Non-CO₂ greenhouse gases (CH₄, N₂O, SF₆, halocarbons) are responsible for 37 % of the anthropogenic contribution to global warming. Some of these gases (N₂O, SF₆, chlorinated and brominated halocarbons) are in addition destructive to the stratospheric ozone layer. Regional emission estimates of non-CO₂ greenhouse gases are currently much more uncertain than for CO₂. Mostly, they are based on ‘bottom-up’ approaches relying on inventories of known sources and expected emission functions.

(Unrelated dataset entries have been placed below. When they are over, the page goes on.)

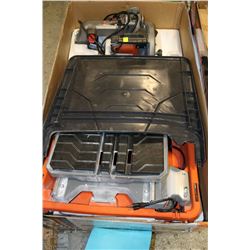 RIDGID 8" WET TILE PAVER SAW W/STAND - AS IS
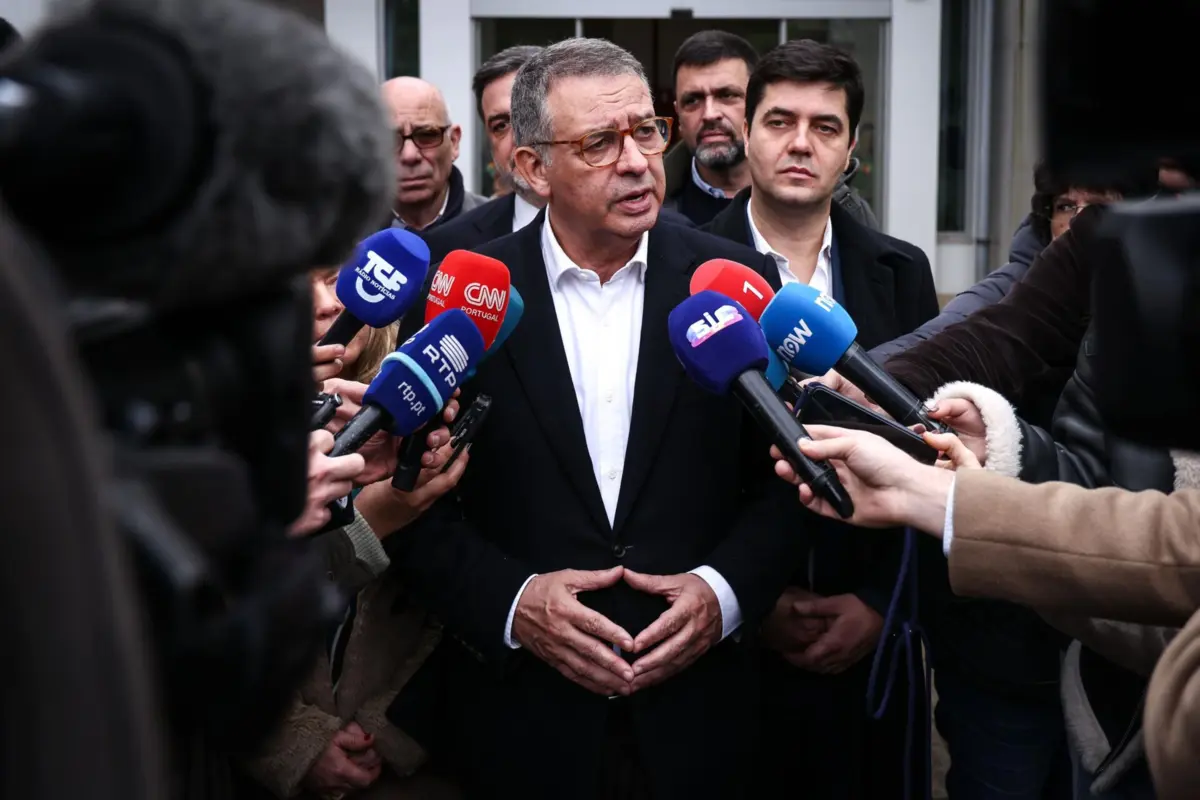 António José Seguro e André Ventura foram os mais votados na primeira volta das eleições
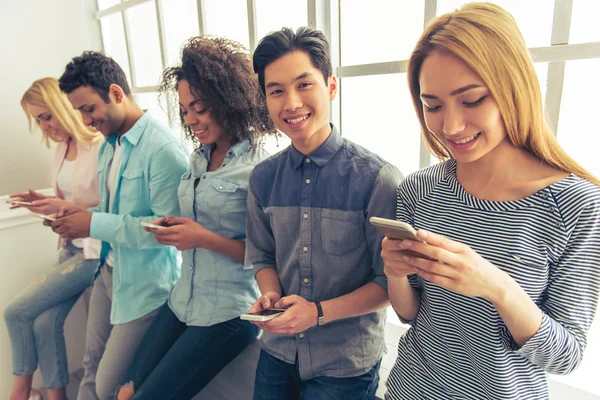 Young people with gadgets — Stock Photo, Image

The ²²²Rn flux map of Europe produced in the preceding project permits today a more reliable real-world assessment by the ²²²Rn tracer method, a so-called ‘top-down’ approach. In previous studies, source strength of ²²²Rn has been a major uncertainty. Substantial reduction of uncertainty has been achieved so far and further improvements are aimed for in the present project. Future improvements include in particular a better temporal resolution of the ²²²Rn flux map. Current developments within the EU-driven European Radiological Data Exchange Platform (EURDEP) open the possibility for quasi real-time updates of the European ²²²Rn source term. The source strength of ²²²Rn (F_Rn) is a key parameter for estimating the source strength of any gas of interest (F_x), based on concentration differences observed over time in both, gas X (D_x) and ²²²Rn (D_Rn):

F_x = F_Rn D_x D_Rn^-1

There are two approaches to obtain values for D_x and D_Rn . One is during pollution events at otherwise remote ‘background’ stations. This approach is followed in an associated project at Jungfraujoch (main applicant: Stefan Reimann, EMPA), where we will contribute the parameters F_Rn and D_Rn. The other approach to obtain values for D_x and D_Rn relies on changes in mixing layer height as observed during nocturnal inversions and will be applied to the measurement of non-CO₂ greenhouse gases in the central part of Eastern Europe (Hungary). Emissions from this region just east of the Alpine Ridge are highly uncertain and can not be detected at Jungfraujoch using the first approach.